I defer to the reader’s intelligence and the above comments when considering that perspective.
It was the South African BDS movement that finally caused the country to make a volte face and get rid of its political apartheid structures, unfortunately replacing them with economic apartheid. Israel is facing a burgeoning movement that borrows heavily from that success, adapting it as necessary for the slightly different situations.
This is where Abunimah sees the win, the growing awareness of Israeli actions brought about by the BDS movement, and ironically, Israel’s attempts to discredit it. Israel realized early that it could not argue “the facts” against the BDS as it was the very facts on the ground that provided the support for the campaign. They have also realized that trying to argue the victim role has had little effect again in consideration of these very facts. Instead Israel has changed to ideological arguments that attempt to deny the validity of the people supporting BDS and to hasbara, a public relations efforts to disseminate abroad positive information.
Israel sees the BDS movement as “deligitimization”, another “existential threat” that is coalescing with the one state solution by “undermining moral legitimacy…constraining military activities, destroying Israel’s image.” To counter this, they have used a variety of tactics in various situations.
Much of it has to do with rebranding. This includes ‘pinkwashing’ attempting to present Israel as a liberal haven for the LGBT community. It also includes ‘greenwashing’, a “propaganda campaign of smoke and mirrors to conceal some of Israel’s most troubling, environmentally destructive and criminal activities, many directly linked to military occupation and colonization.”
One of the largest areas of countering BDS is within the universities of the U.S., the “David Project”. This program targets teachers and students, it attempts to intimidate institutions, misuses civil rights laws, and attempts to criminalize campus behaviors. A relatively long comparison is made between these actions and the U.S./Arizona actions with Hispanics, including walls along the Mexican border and the ‘other’ described as ‘terrorists’.
As per Israeli sources, the negative view of Israel is increasing, in a “finding that indicates that public opinion is sharply out of step with official government policy.” No surprise there. Netanyahu has indicated that “it’s not about the facts, it’s about the defamation of Israel”—that it is an “image problem.” Again, very similar to U.S foreign policy. The Reut Institute, “a nonpartisan and nonprofit policy think tank in Tel Aviv designed to provide real-time, long-term strategic decision-support to Israel,” (nonprofit maybe, but never nonpartisan!) “tacitly conceded that resistance to Israel is based on genuine and justifiable grievances and the denial of Palestinian rights.”
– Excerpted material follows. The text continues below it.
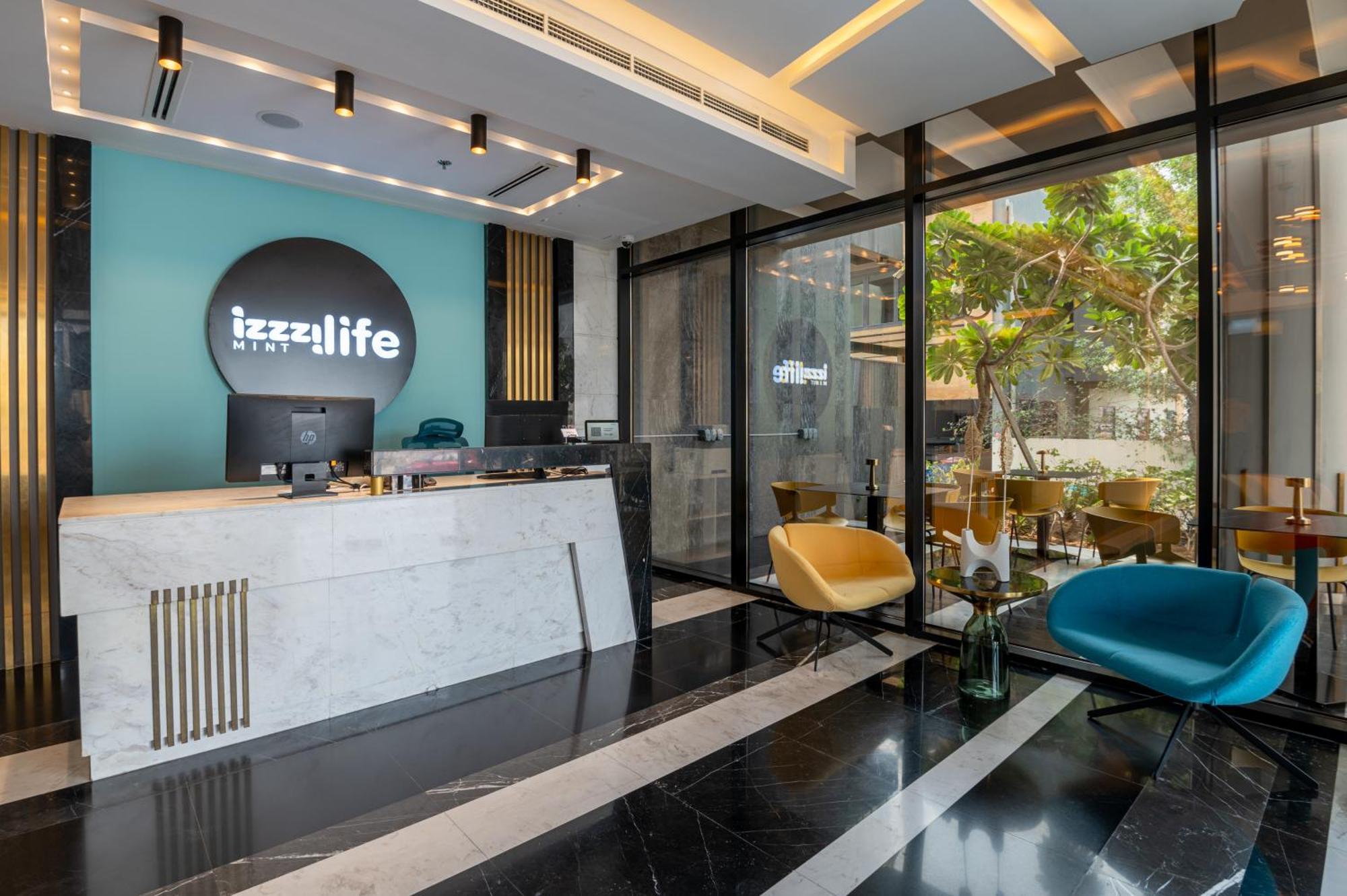 Izzzi Life Mint Aparthotel Dubai Exterior photo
In essence, BDS has shifted the focus of debate from that of Israeli victimhood and the virtues of neoliberal democracy to that of the voice of the Palestinian people.
The end of the two state solution’s endless negotiations and the increasing awareness created by the BDS movement highlight problems brought about by Israel onto itself.
The Battle for Justice in Palestine is a well-referenced, well-written, and well-argued presentation on the current state of affairs in Palestine. It is a strong update to events within that particular sector of global ideological manipulations.